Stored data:

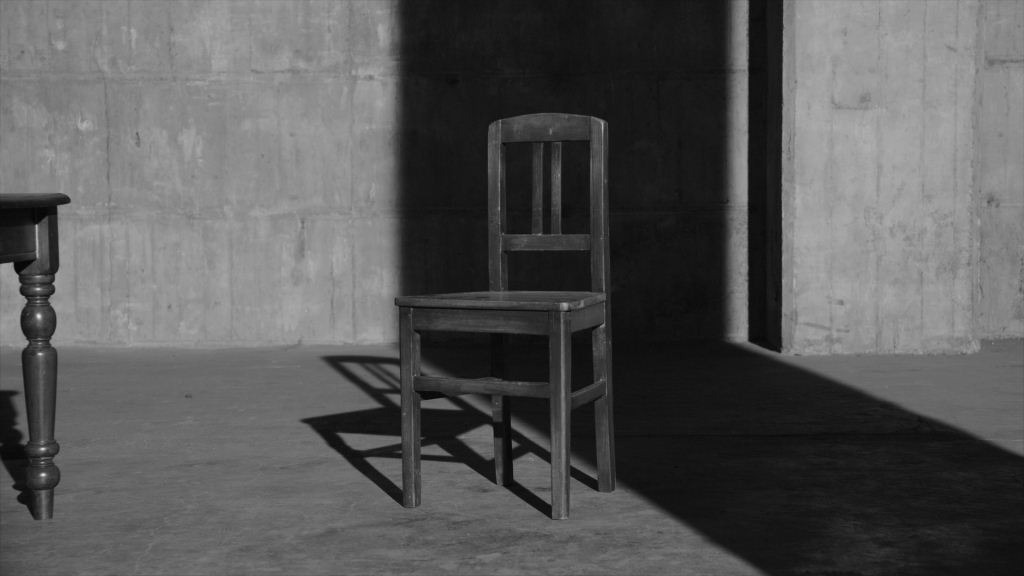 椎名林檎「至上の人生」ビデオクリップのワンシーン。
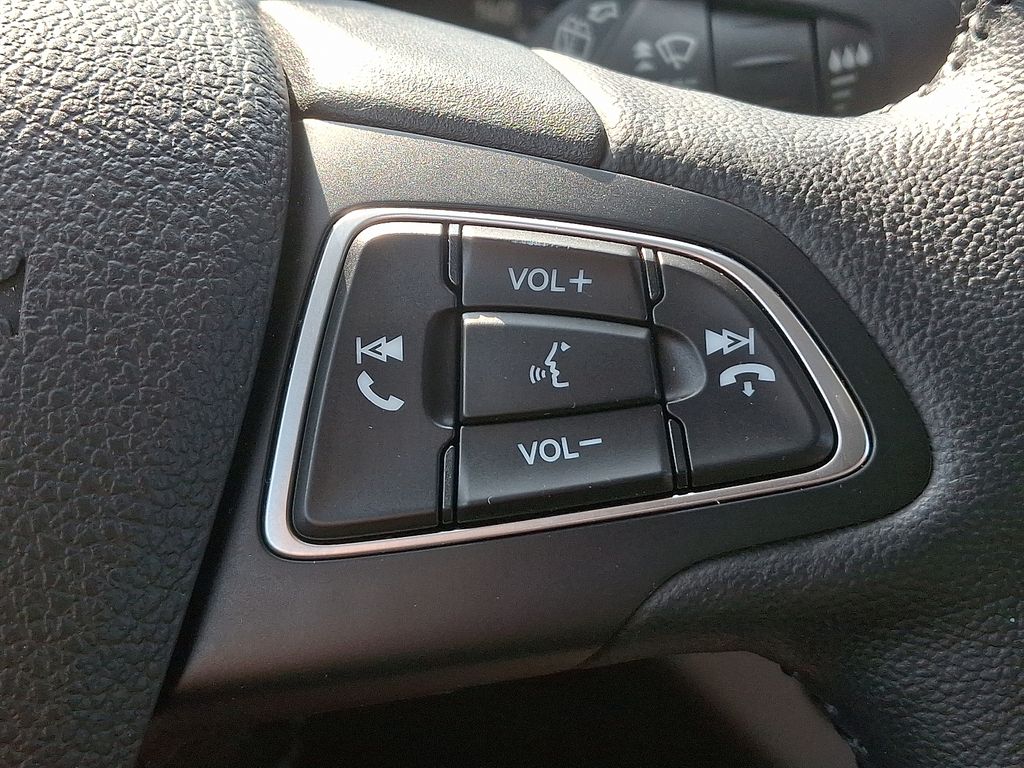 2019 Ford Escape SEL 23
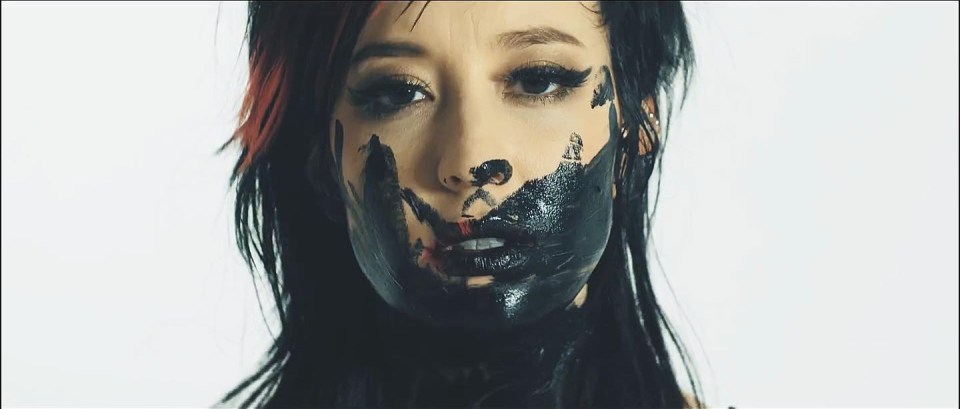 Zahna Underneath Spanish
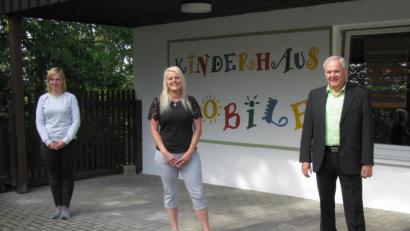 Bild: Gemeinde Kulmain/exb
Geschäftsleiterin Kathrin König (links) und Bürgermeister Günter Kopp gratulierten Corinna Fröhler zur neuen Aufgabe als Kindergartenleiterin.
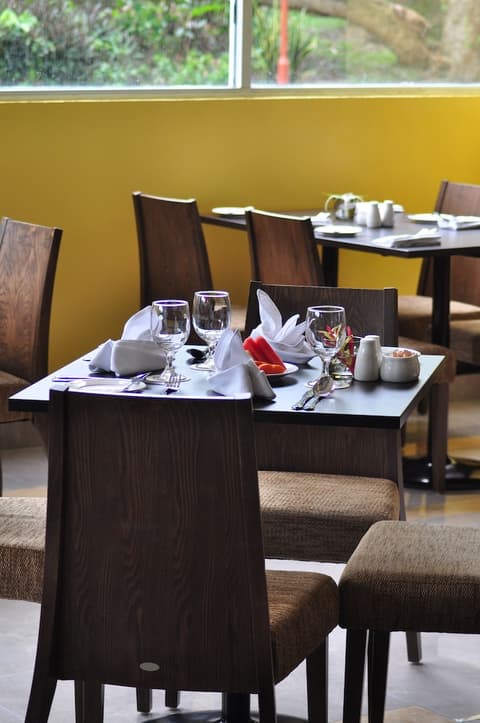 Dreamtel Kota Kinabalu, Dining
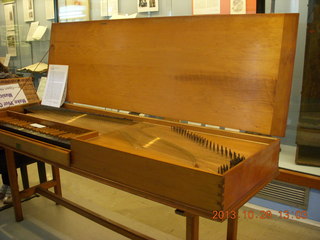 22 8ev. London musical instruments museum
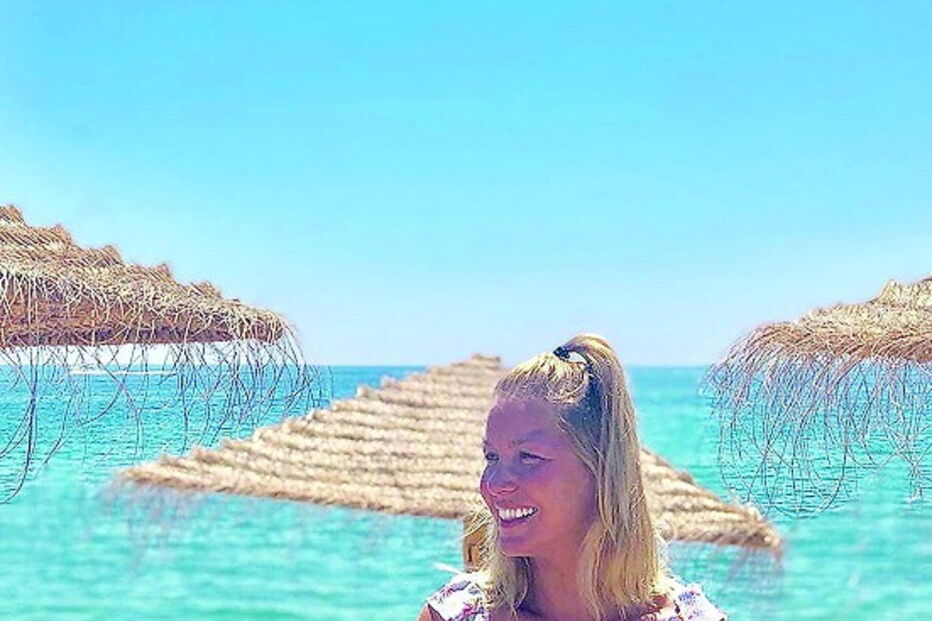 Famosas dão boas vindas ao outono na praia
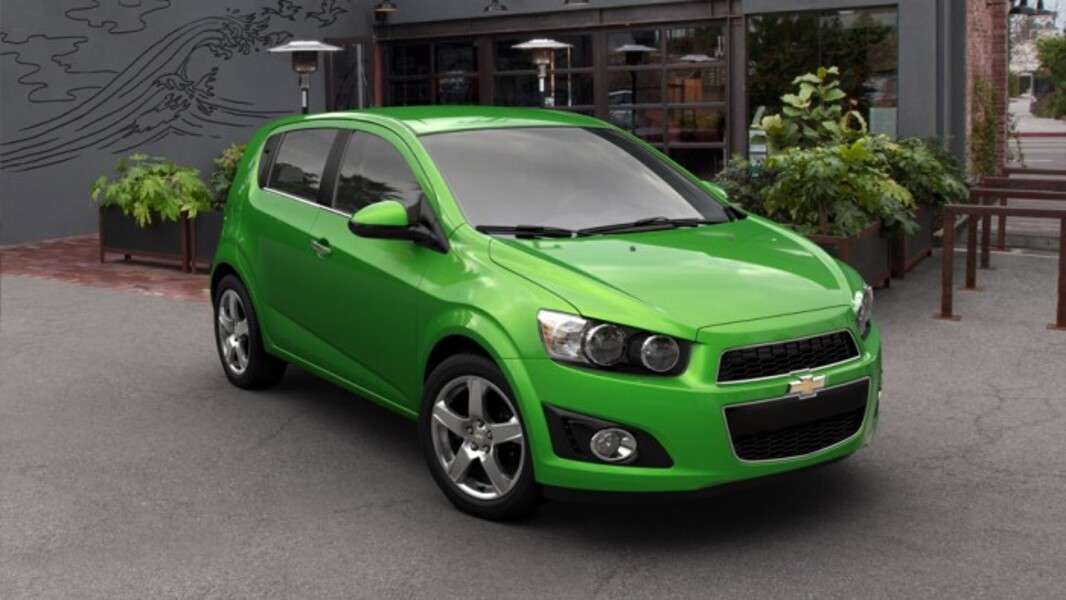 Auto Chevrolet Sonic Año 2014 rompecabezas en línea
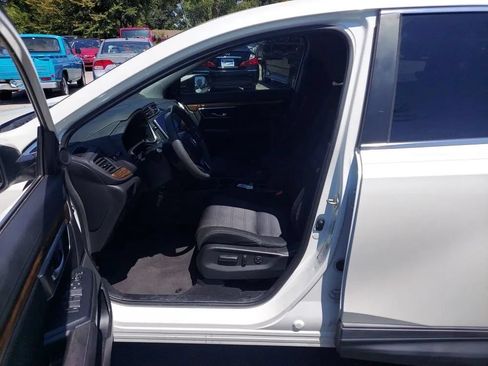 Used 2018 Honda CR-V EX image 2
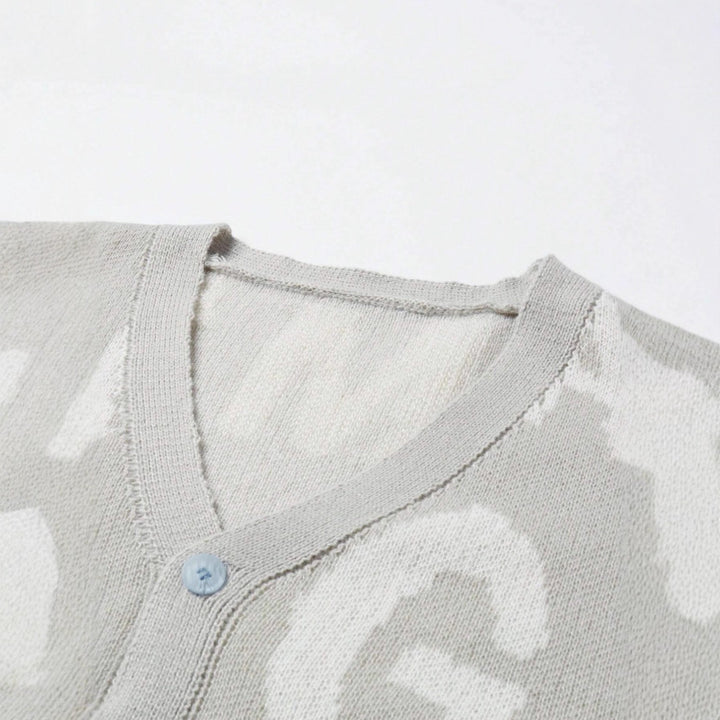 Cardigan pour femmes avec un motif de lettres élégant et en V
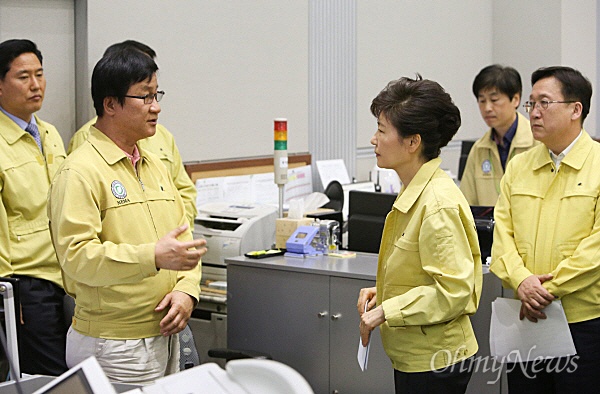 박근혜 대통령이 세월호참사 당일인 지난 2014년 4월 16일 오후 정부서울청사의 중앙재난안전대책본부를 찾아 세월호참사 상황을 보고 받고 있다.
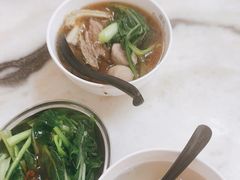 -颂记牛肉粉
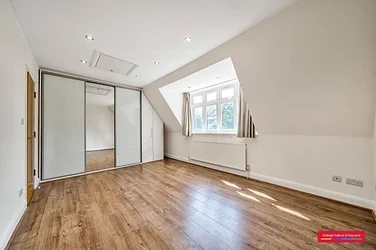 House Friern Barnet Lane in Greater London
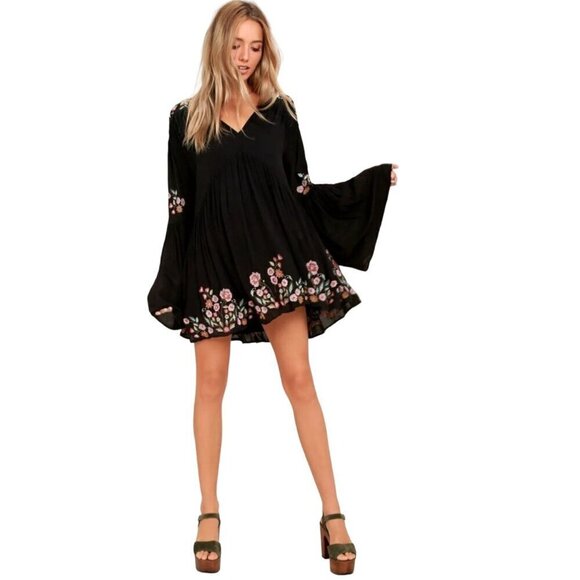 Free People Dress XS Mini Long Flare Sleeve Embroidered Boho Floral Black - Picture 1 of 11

■ **Try it**
Your output should be the lines above from the one that contains "Famosas dão boas vindas ao outono na praia" through the one that contains "House Friern Barnet Lane in Greater London", word for word, with pictures left out.

■ **Answer for this exercise**
 Famosas dão boas vindas ao outono na praia
 Auto Chevrolet Sonic Año 2014 rompecabezas en línea
 Used 2018 Honda CR-V EX image 2
 Cardigan pour femmes avec un motif de lettres élégant et en V
 박근혜 대통령이 세월호참사 당일인 지난 2014년 4월 16일 오후 정부서울청사의 중앙재난안전대책본부를 찾아 세월호참사 상황을 보고 받고 있다.
 -颂记牛肉粉
 House Friern Barnet Lane in Greater London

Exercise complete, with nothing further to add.